Your copy should hold only the lines from the one holding "Мягкая кровля Катепал Forte Ямайка" through the last line of the records below, both included, each exact and with no pictures.

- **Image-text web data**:
====================

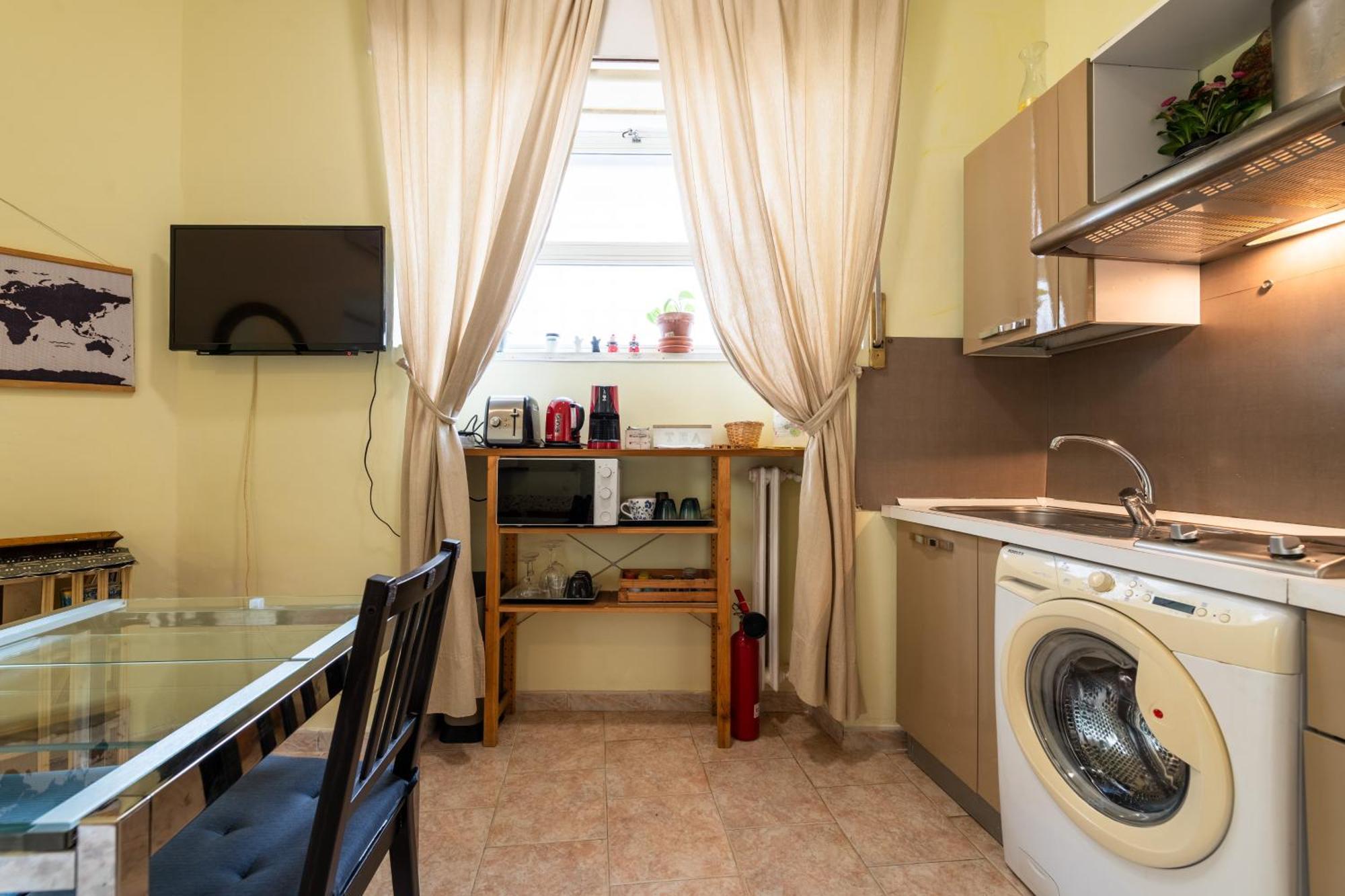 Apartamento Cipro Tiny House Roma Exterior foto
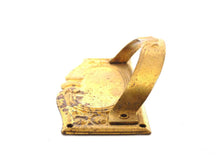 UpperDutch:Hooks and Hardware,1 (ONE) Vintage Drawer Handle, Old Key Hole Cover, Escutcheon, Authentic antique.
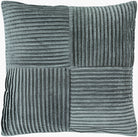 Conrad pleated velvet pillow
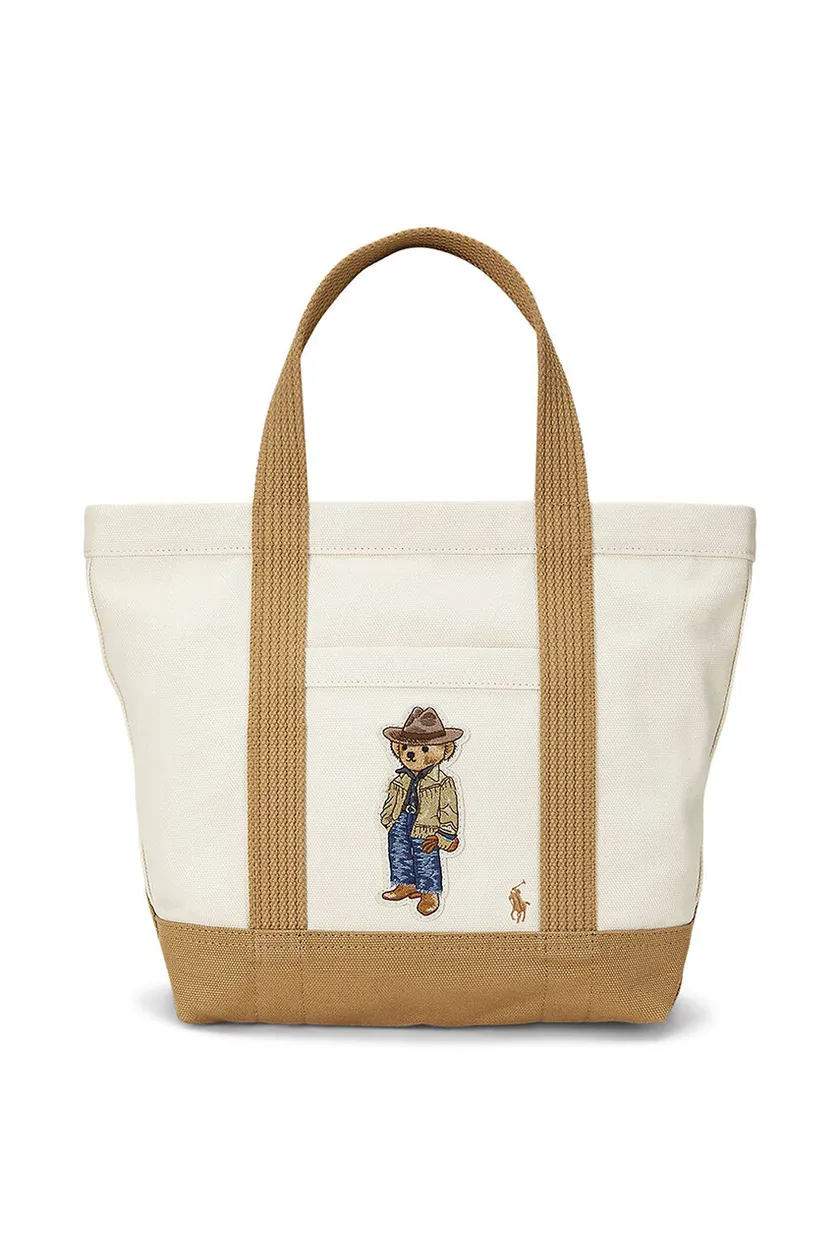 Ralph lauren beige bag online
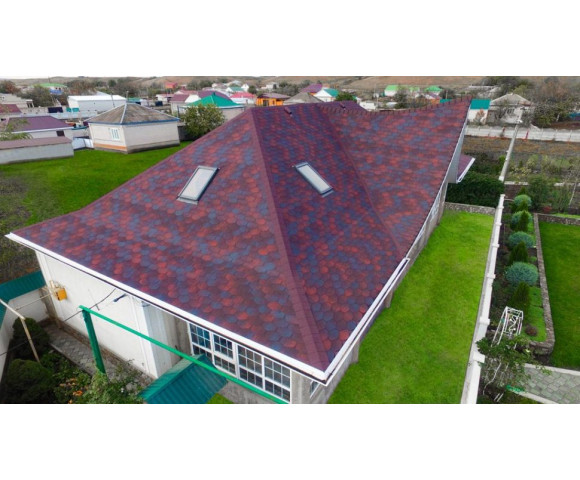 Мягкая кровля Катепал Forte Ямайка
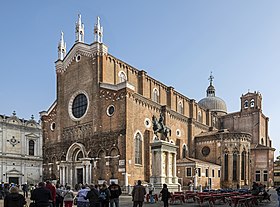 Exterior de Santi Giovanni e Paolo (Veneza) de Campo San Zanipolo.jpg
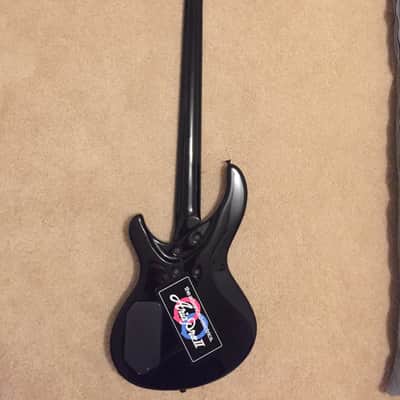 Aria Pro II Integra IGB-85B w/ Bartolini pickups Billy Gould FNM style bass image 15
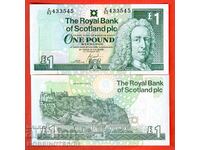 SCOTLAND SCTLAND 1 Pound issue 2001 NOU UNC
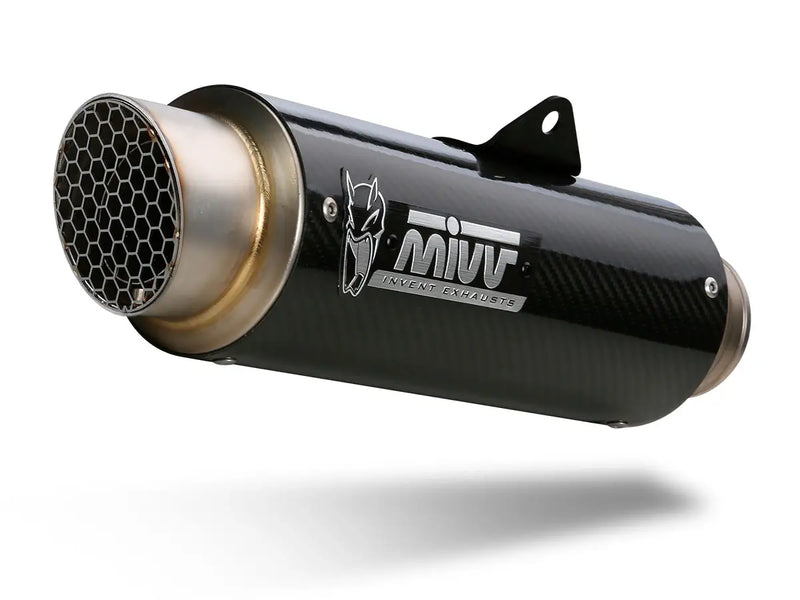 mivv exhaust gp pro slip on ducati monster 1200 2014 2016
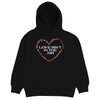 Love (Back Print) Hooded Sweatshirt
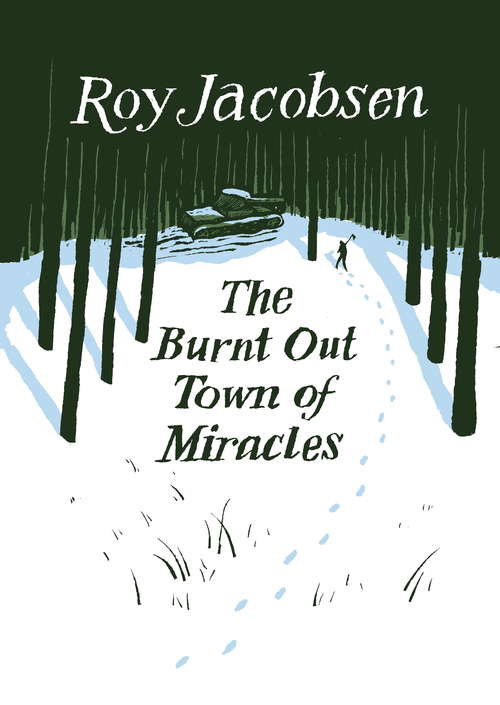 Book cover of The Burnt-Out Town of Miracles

====================

- **Completed task**:
 Мягкая кровля Катепал Forte Ямайка
 Exterior de Santi Giovanni e Paolo (Veneza) de Campo San Zanipolo.jpg
 Aria Pro II Integra IGB-85B w/ Bartolini pickups Billy Gould FNM style bass image 15
 SCOTLAND SCTLAND 1 Pound issue 2001 NOU UNC
 mivv exhaust gp pro slip on ducati monster 1200 2014 2016
 Love (Back Print) Hooded Sweatshirt
 Book cover of The Burnt-Out Town of Miracles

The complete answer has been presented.